**Your assignment**
Each line of the data below should be restated exactly, with images left out.

**Given material**

⟨

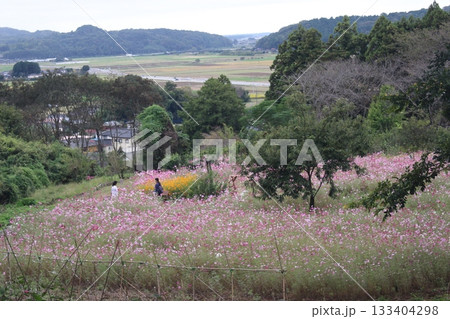 生田目散策路 133404298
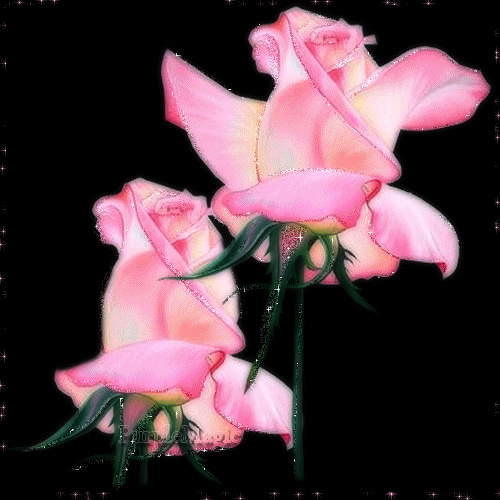 Красивые цветы - алые розы, gif картинка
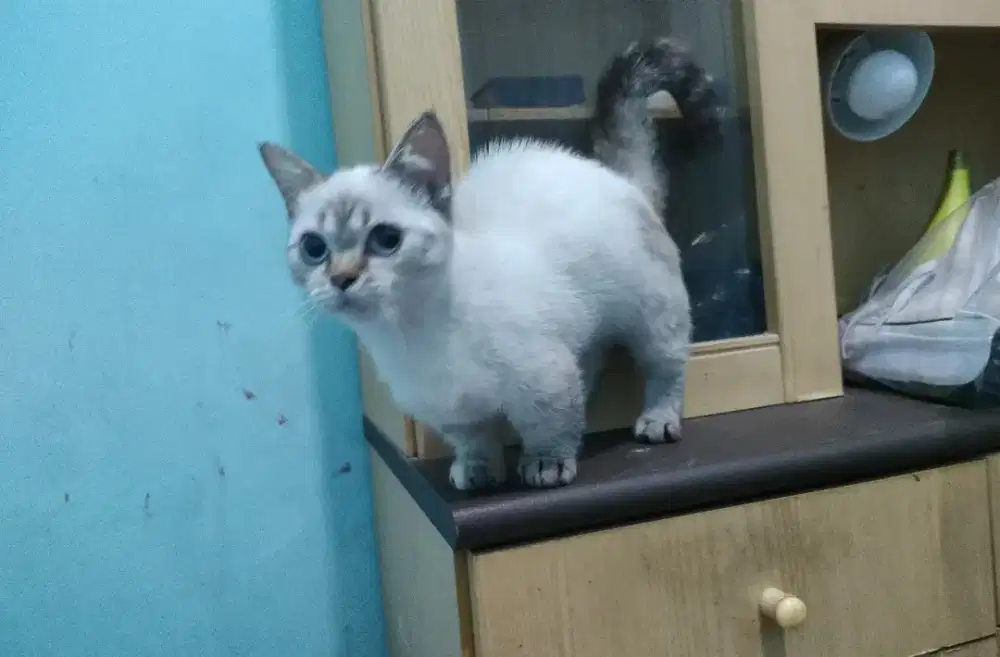 Munchkin indukan proven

⟩

**The completed task**
 生田目散策路 133404298
 Красивые цветы - алые розы, gif картинка
 Munchkin indukan proven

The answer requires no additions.